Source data
____

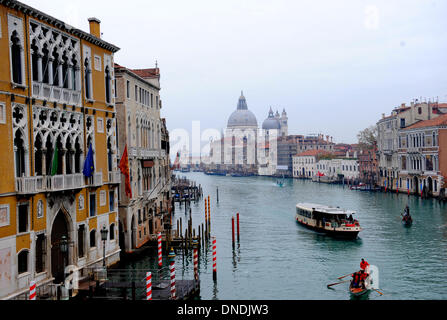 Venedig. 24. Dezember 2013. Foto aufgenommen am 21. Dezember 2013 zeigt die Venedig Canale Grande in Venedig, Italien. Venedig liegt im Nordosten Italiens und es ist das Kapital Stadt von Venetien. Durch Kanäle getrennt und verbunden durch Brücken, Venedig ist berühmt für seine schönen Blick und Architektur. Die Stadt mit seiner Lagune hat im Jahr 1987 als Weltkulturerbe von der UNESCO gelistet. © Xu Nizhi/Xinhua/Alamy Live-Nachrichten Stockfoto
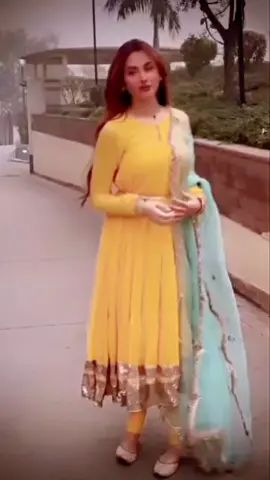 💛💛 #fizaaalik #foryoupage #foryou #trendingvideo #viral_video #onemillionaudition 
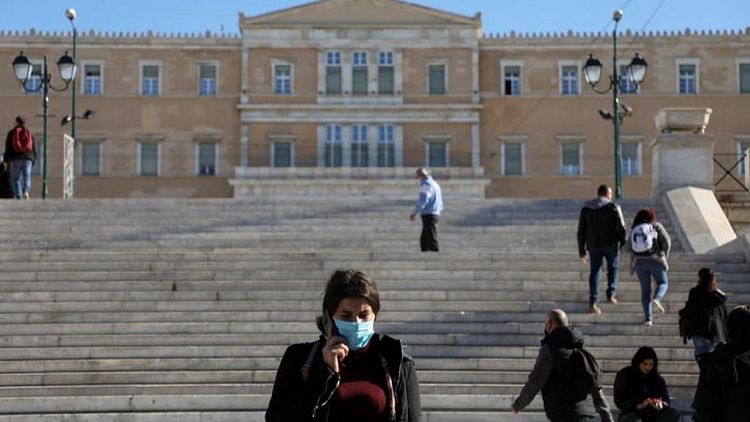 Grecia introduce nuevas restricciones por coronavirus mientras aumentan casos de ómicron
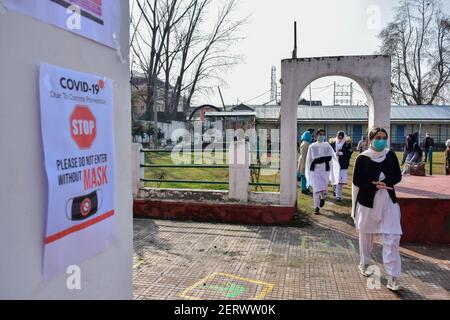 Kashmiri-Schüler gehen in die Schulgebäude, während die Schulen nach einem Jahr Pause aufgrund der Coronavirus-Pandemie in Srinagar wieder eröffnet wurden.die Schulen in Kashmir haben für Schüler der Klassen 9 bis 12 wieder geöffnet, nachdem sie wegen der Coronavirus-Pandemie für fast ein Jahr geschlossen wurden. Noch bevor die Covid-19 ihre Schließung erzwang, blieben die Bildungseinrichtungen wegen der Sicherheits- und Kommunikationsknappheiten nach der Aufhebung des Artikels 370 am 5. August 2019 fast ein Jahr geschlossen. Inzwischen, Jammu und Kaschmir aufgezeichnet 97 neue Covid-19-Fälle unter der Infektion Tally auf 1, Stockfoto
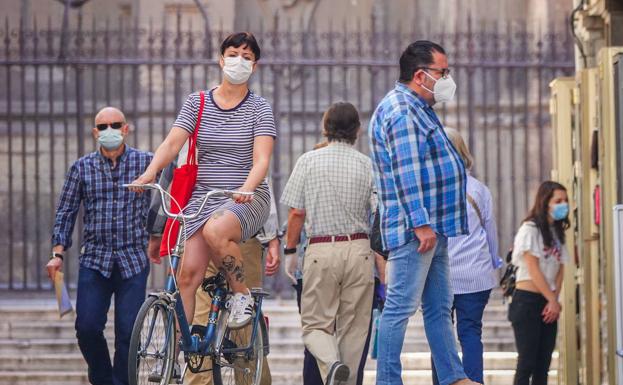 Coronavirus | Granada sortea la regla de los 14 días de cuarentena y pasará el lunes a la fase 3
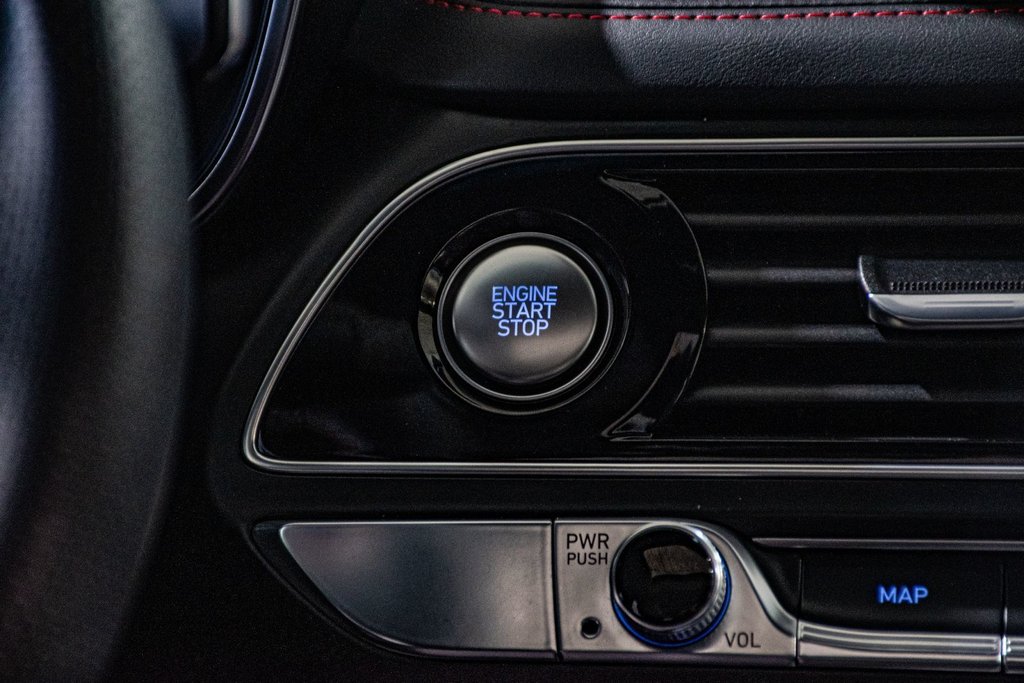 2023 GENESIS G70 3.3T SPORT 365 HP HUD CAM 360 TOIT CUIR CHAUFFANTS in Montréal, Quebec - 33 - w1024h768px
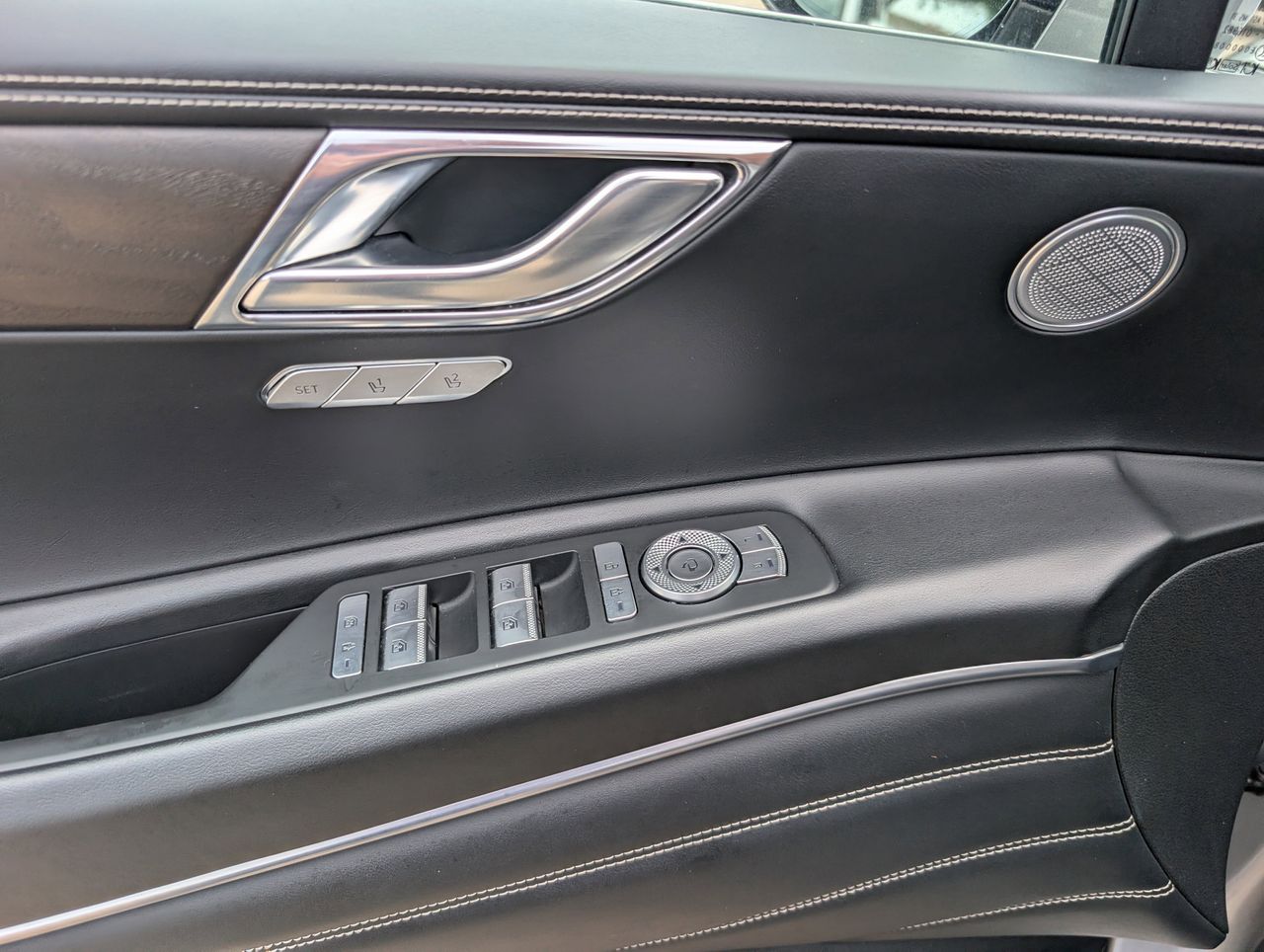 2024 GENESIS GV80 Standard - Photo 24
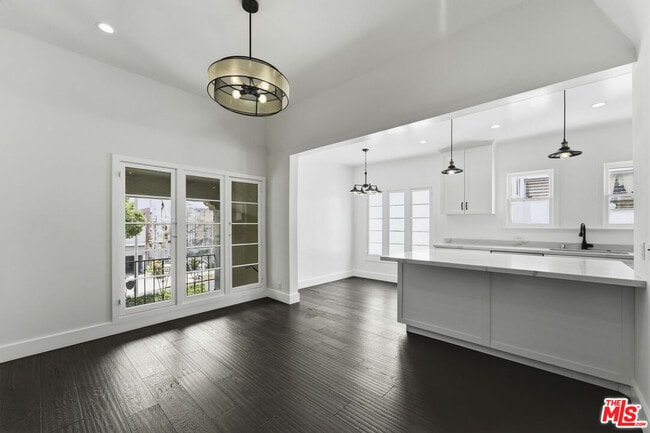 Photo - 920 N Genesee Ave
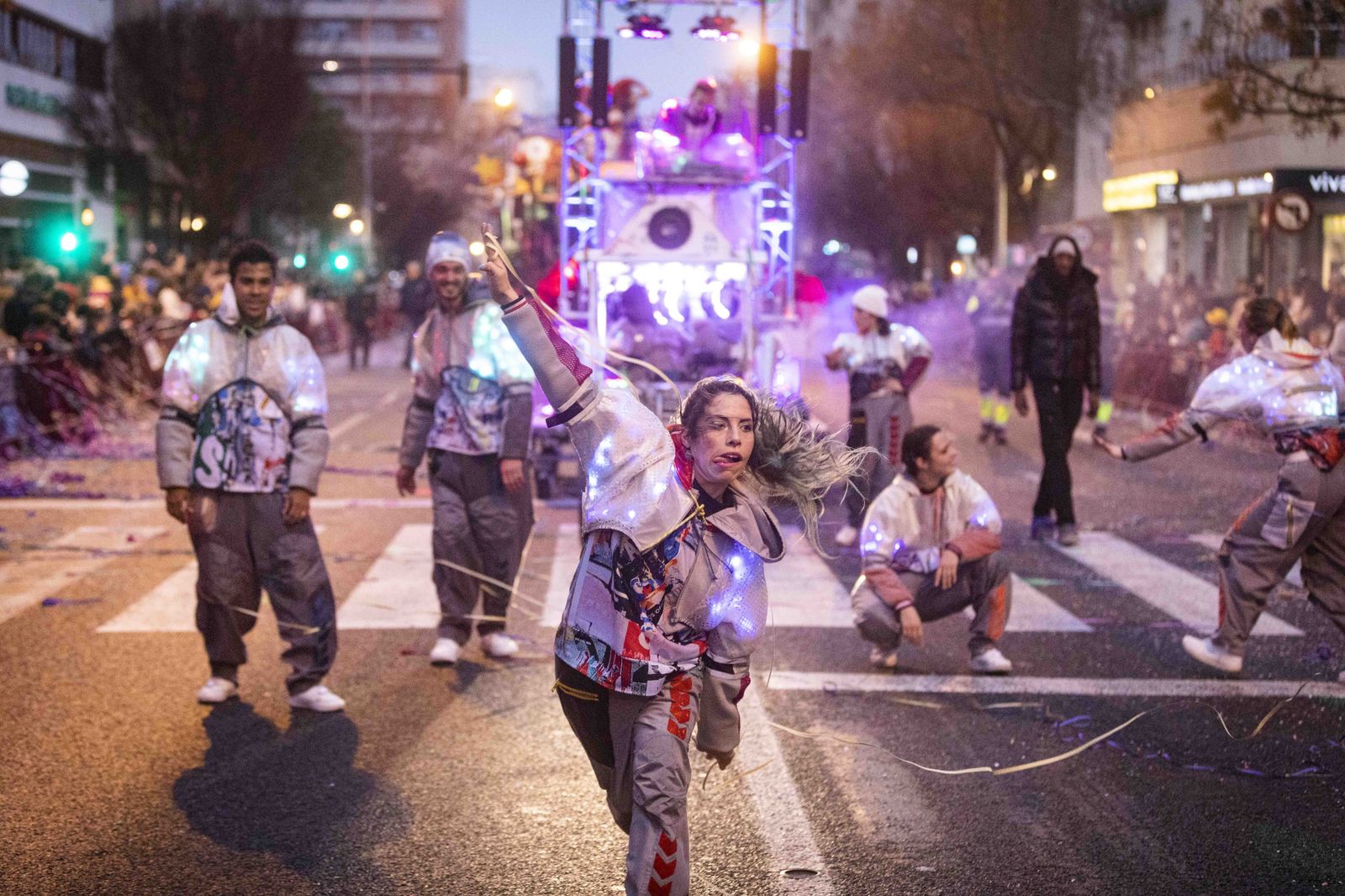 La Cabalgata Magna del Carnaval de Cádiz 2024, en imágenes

____

_WORK REQUIRED:_
The records above must be repeated in full and exactly, but without any of the pictures.

_ANSWER SECTION:_
 Venedig. 24. Dezember 2013. Foto aufgenommen am 21. Dezember 2013 zeigt die Venedig Canale Grande in Venedig, Italien. Venedig liegt im Nordosten Italiens und es ist das Kapital Stadt von Venetien. Durch Kanäle getrennt und verbunden durch Brücken, Venedig ist berühmt für seine schönen Blick und Architektur. Die Stadt mit seiner Lagune hat im Jahr 1987 als Weltkulturerbe von der UNESCO gelistet. © Xu Nizhi/Xinhua/Alamy Live-Nachrichten Stockfoto
 💛💛 #fizaaalik #foryoupage #foryou #trendingvideo #viral_video #onemillionaudition 
 Grecia introduce nuevas restricciones por coronavirus mientras aumentan casos de ómicron
 Kashmiri-Schüler gehen in die Schulgebäude, während die Schulen nach einem Jahr Pause aufgrund der Coronavirus-Pandemie in Srinagar wieder eröffnet wurden.die Schulen in Kashmir haben für Schüler der Klassen 9 bis 12 wieder geöffnet, nachdem sie wegen der Coronavirus-Pandemie für fast ein Jahr geschlossen wurden. Noch bevor die Covid-19 ihre Schließung erzwang, blieben die Bildungseinrichtungen wegen der Sicherheits- und Kommunikationsknappheiten nach der Aufhebung des Artikels 370 am 5. August 2019 fast ein Jahr geschlossen. Inzwischen, Jammu und Kaschmir aufgezeichnet 97 neue Covid-19-Fälle unter der Infektion Tally auf 1, Stockfoto
 Coronavirus | Granada sortea la regla de los 14 días de cuarentena y pasará el lunes a la fase 3
 2023 GENESIS G70 3.3T SPORT 365 HP HUD CAM 360 TOIT CUIR CHAUFFANTS in Montréal, Quebec - 33 - w1024h768px
 2024 GENESIS GV80 Standard - Photo 24
 Photo - 920 N Genesee Ave
 La Cabalgata Magna del Carnaval de Cádiz 2024, en imágenes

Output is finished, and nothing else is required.